• [EXTRACTED MATERIAL]:
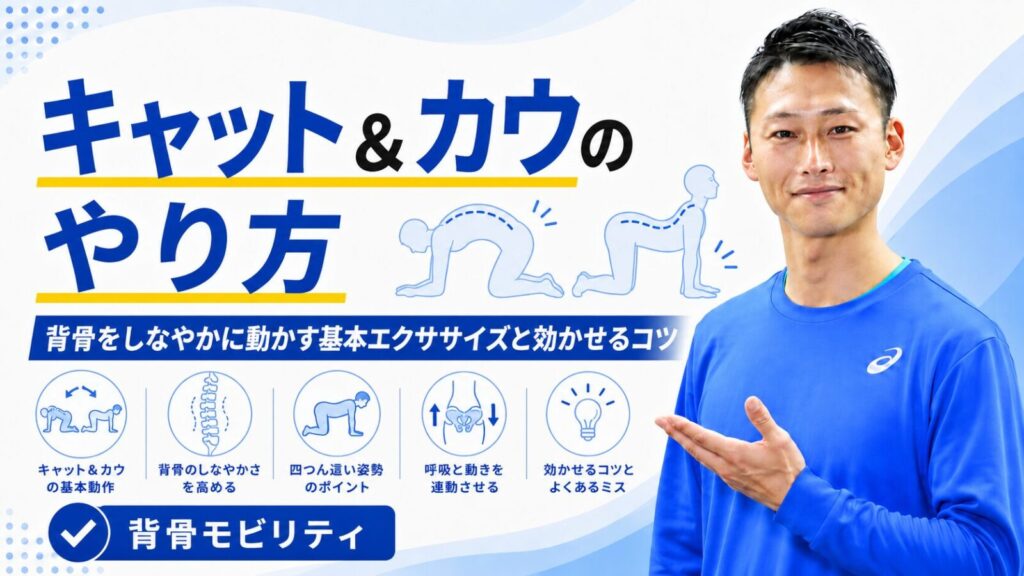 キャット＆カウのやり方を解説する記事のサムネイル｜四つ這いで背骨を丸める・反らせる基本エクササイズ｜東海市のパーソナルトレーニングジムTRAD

* * *

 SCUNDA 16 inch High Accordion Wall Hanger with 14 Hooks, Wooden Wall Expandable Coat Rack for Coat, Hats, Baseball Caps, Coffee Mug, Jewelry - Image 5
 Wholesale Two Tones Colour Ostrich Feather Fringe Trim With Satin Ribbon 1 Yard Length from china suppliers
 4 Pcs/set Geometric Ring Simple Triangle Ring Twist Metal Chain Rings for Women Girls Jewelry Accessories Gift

==

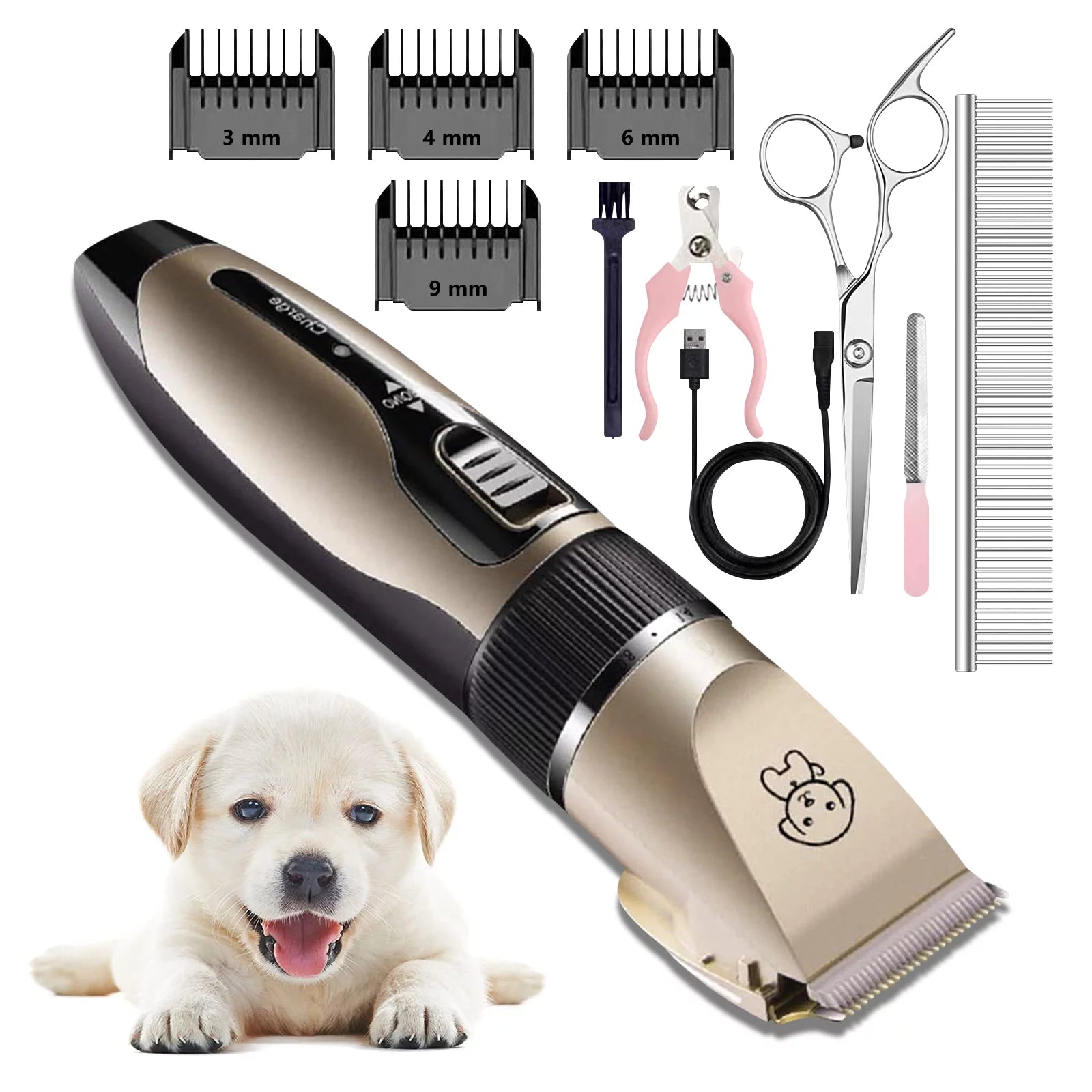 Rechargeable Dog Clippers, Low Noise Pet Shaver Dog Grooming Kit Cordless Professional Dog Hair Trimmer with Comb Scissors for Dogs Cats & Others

• [BRIEF]:
Spot the lines above that mention "Jewelry" and copy them.

• [WORKED SOLUTION]:
 SCUNDA 16 inch High Accordion Wall Hanger with 14 Hooks, Wooden Wall Expandable Coat Rack for Coat, Hats, Baseball Caps, Coffee Mug, Jewelry - Image 5
 4 Pcs/set Geometric Ring Simple Triangle Ring Twist Metal Chain Rings for Women Girls Jewelry Accessories Gift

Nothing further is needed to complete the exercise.